■ Die anderen: "Pravo", "Die Presse" zur vorzeitigen Ablösung von Nato-Oberbefehlshaber Clark / "Liberation", "L 'Union" zum Urteil des Europäischen Gerichtshofs für Menschenrechte gegen Frankreich
„Právo“ aus Prag zur vorzeitigen Ablösung von Nato-Oberbefehlshaber Clark: Wesley Clark hatte sich während der Bombardierung stets für eine harte Gangart gegen Präsident Miloševic ausgesprochen, eine Ausweitung der Ziele befürwortet und den Einsatz von Bodentruppen nie ausgeschlossen. Dieser Eifer war nicht nach dem Geschmack der US-Regierung in Washington, und zu Beratungen nach Brüssel wurde er mit dem Hinweis nicht eingeladen, seine Meinungen seien hinreichend bekannt. Nun soll Clark möglicherweise zum US-Botschafter irgendeines Landes ernannt werden. Doch darüber wollte er bisher selbst nicht spekulieren.

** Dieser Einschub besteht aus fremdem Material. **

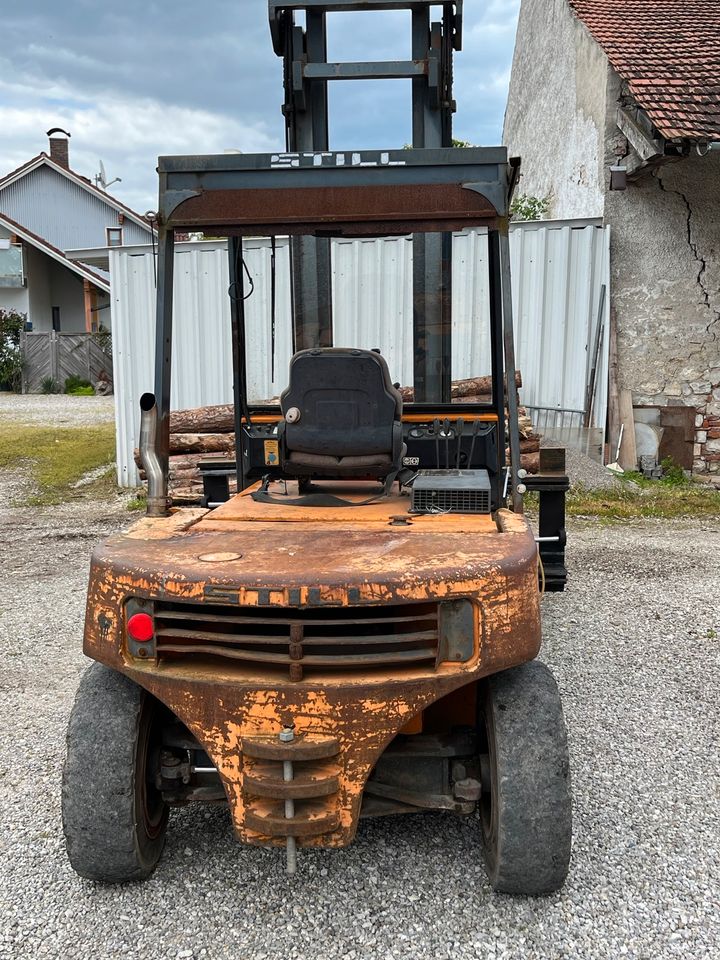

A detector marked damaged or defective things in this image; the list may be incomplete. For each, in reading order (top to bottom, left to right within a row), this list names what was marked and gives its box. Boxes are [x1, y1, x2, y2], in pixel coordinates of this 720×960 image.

rusty forklift body [62, 0, 572, 892]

„Die Presse“ aus Wien zum selben Thema: Nach langen elf Wochen hat die Nato den Rückzug der Serben erzwungen. Aber es hat auch Fehlschläge gegeben: Über den Schaden für die jugoslawische Armee etwa streiten sich die Experten. Aber der Kosovo ist nicht mit dem Irak und dem Bombenerfolg Norman Schwarzkopfs zu vergleichen. Und schließlich hat die internationale Gemeinschaft Clarks Angebot eines „sauberen“ Luftkrieges für den ersten Nato-Kriegseinsatz gerne angenommen – und dann, als Clark kein Weiterkommen sah und einen Bodeneinsatz vorschlug, noch mehr als nur gezögert. Was also wäre Clark vorzuwerfen?
„Libération“ aus Paris zum Urteil des Europäischen Gerichtshofs für Menschenrechte gegen Frankreich: Natürlich ist Frankreich keine Diktatur, in der sich Polizeibrutalität ungezügelt breitmachen kann. Es geht um ein philisterhaft gutes Gewissen, das sich im Namen der allgemeinen Einhaltung der Menschenrechte von Vorgehensweisen freispricht, die gegen die Menschenrechte verstoßen. Mag das Innenministerium ruhig weiter von der Überlegenheit der französischen Gesetzgebung reden – das europäische Urteil wird doch heilsame Auswirkungen haben – auf die Art, wie der Justizapparat in Zukunft mit ähnlichen Klagen umgehen wird.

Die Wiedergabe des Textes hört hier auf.